Christophe Dejours, Psychiatre, Professeur-chercheur, Directeur de la chaire de Psychopathologie du Travail au CNAM, nous rappelle que l’un des mécanismes de défense les plus sollicités dans ce cas précis, est le clivage qui traverse tout l’appareil psychique, jusqu’à l’inconscient lui-même, installe dans le fonctionnement psychique la possibilité fondamentale d’une duplicité qui est peut-être le problème fondamental légué par ce parcours entre sexualité et travail. L’être humain est double. Au nom du travail, de la productivité et de la rentabilité, il peut être amené à apporter son concours à des actes que moralement il réprouve. Il parvient à maintenir ce clivage par la formule de l’accrasie, cette faiblesse de volonté qui lui permet d’agir à l’inverse de ce qu’il croit juste ou bien tout au long de sa vie professionnelle, chaque jour, constamment.
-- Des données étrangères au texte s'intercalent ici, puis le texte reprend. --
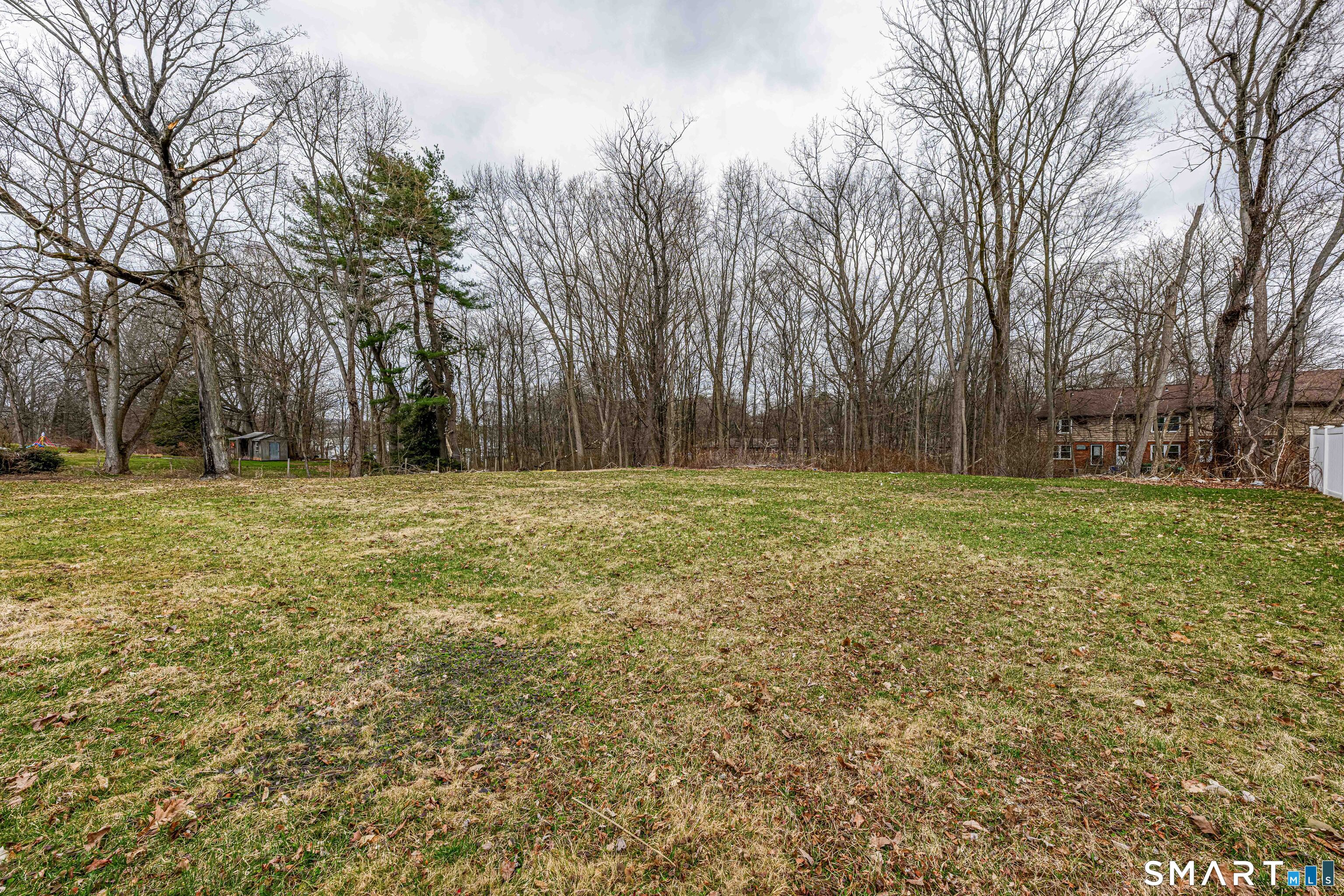 112 Orchard Street Meriden, CT 06450 - Photo 28 of 30 a view of outdoor space with trees all around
J’ai également reçu à mon cabinet des managers qui, pendant plusieurs mois ou années, ont pratiqué comme stratégie de management des ressources humaines, le harcèlement moral. Ceci afin de parvenir à réduire les effectifs, ou faire appliquer une politique d’économie budgétaire. Lorsqu’ils viennent à mon cabinet, ils se sentent déprimés et n’ont plus d’appétit sexuel. Le clivage qui leur a permis d’accomplir les directives de leur direction les rattrape.
Au fil des années de pratique de mon activité professionnelle, je me suis rendue compte que la discipline de la Sexologie avait de plus en plus de lien avec la Psychologie Clinique du Travail. La sexualité tient une place non négligeable dans l’attention que l’on porte aujourd’hui aux risques psycho-sociaux.
Mettre en lien la souffrance au travail avec la sexualité est une façon de prendre en compte ces risques dans leur globalité.